*** Dataset records ***

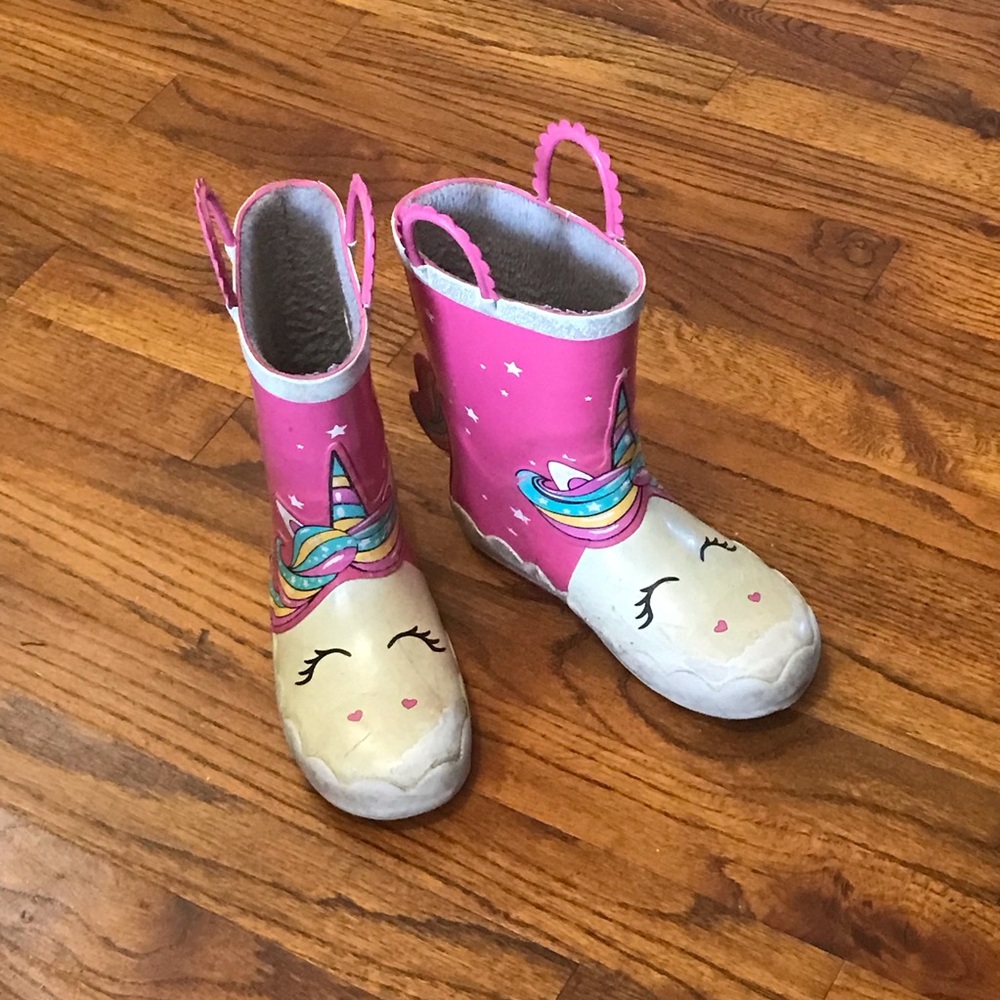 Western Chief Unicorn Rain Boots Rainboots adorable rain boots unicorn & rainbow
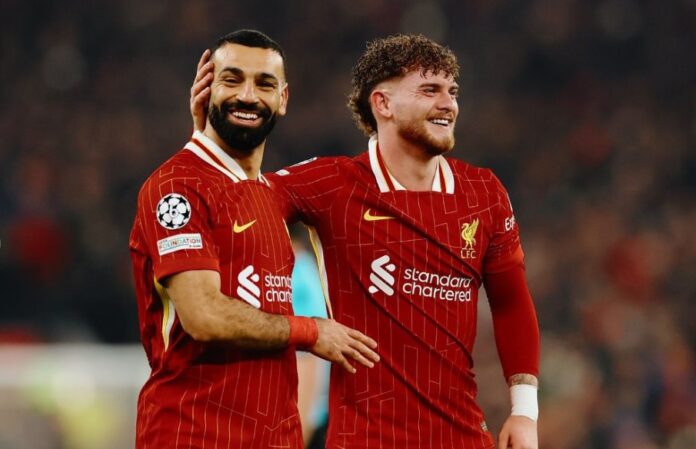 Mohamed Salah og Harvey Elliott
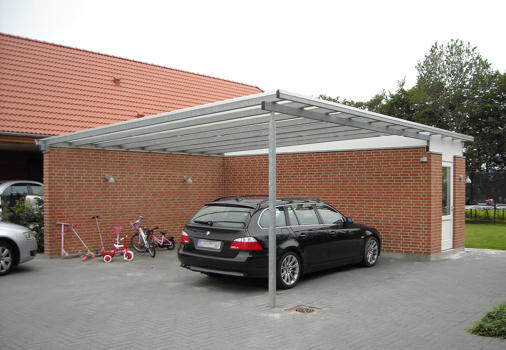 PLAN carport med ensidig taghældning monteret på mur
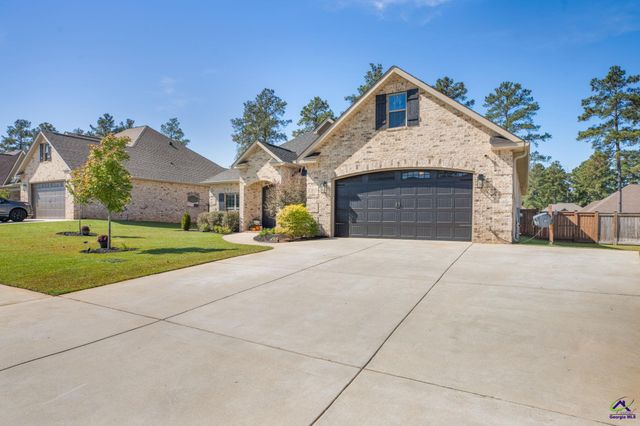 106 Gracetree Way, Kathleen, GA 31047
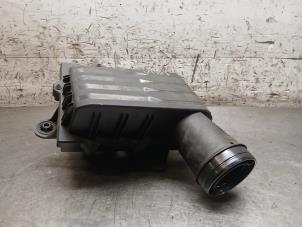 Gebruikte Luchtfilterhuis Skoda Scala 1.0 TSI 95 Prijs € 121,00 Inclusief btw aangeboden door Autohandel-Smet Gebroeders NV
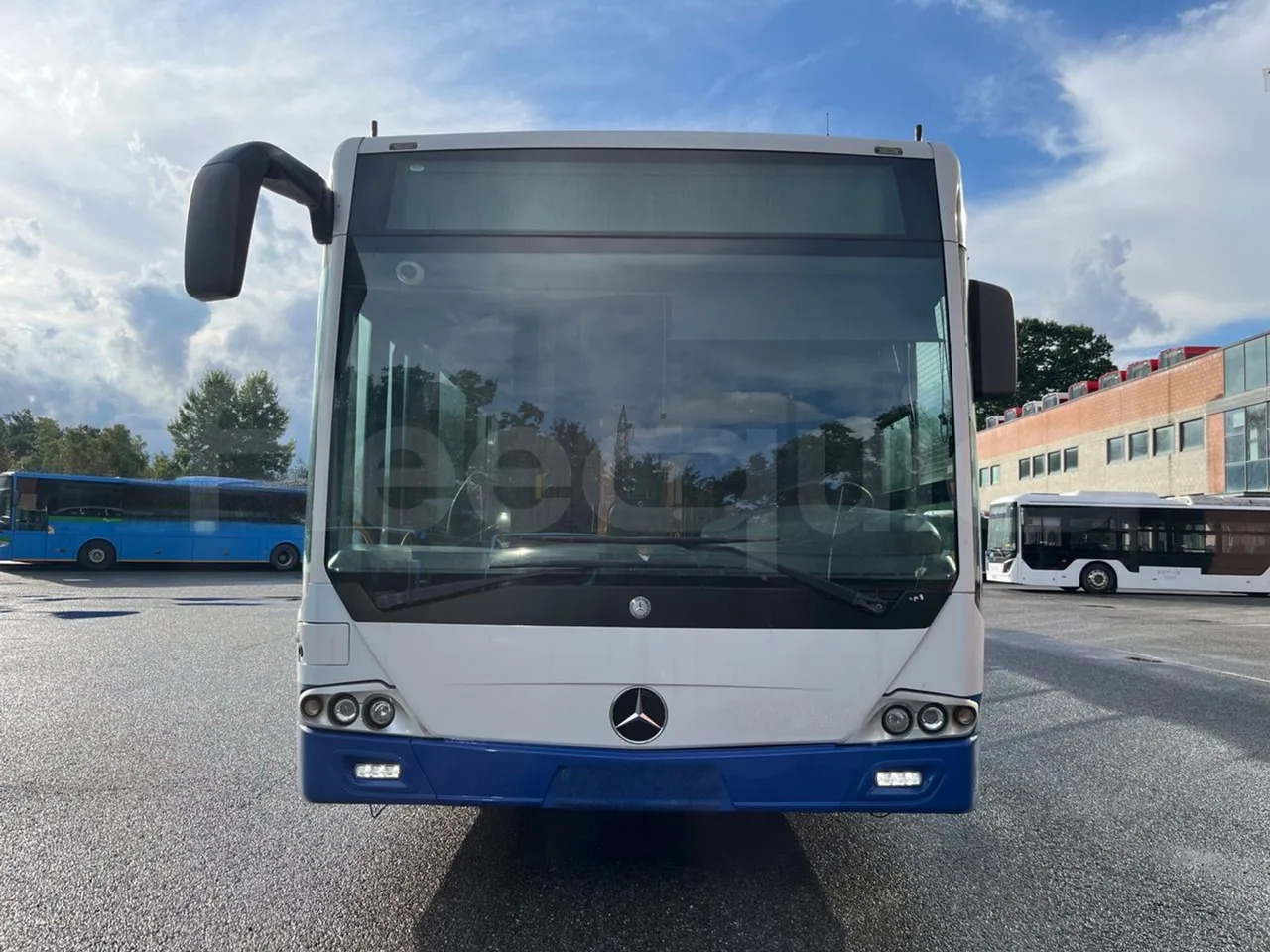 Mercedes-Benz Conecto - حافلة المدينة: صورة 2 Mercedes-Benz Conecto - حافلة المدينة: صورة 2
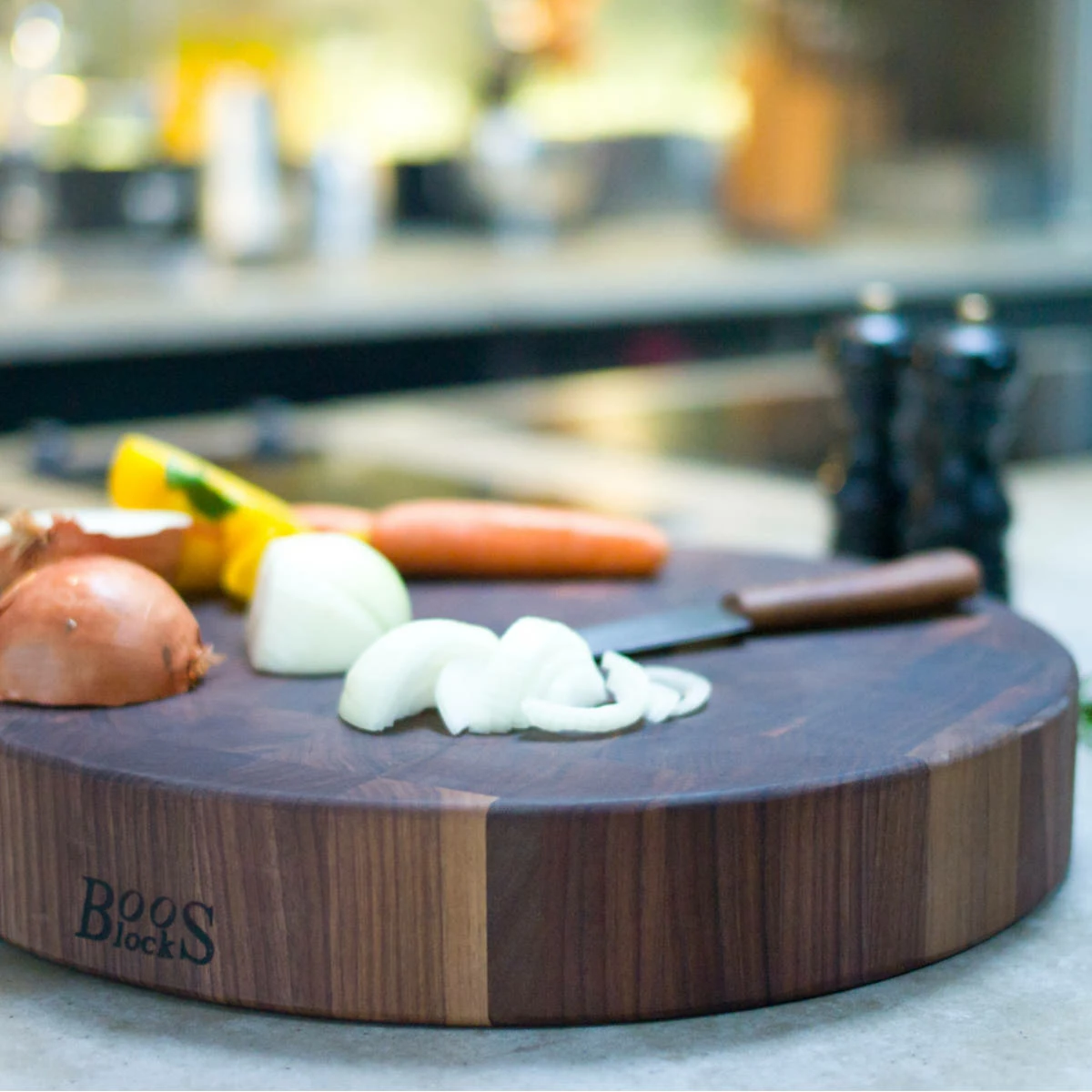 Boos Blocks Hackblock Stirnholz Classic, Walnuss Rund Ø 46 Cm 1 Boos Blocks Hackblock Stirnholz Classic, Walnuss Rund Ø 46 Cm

***

What to produce = After removing each picture, print the entries above exactly as they were.

Answer for the task =
 Western Chief Unicorn Rain Boots Rainboots adorable rain boots unicorn & rainbow
 Mohamed Salah og Harvey Elliott
 PLAN carport med ensidig taghældning monteret på mur
 106 Gracetree Way, Kathleen, GA 31047
 Gebruikte Luchtfilterhuis Skoda Scala 1.0 TSI 95 Prijs € 121,00 Inclusief btw aangeboden door Autohandel-Smet Gebroeders NV
 Mercedes-Benz Conecto - حافلة المدينة: صورة 2 Mercedes-Benz Conecto - حافلة المدينة: صورة 2
 Boos Blocks Hackblock Stirnholz Classic, Walnuss Rund Ø 46 Cm 1 Boos Blocks Hackblock Stirnholz Classic, Walnuss Rund Ø 46 Cm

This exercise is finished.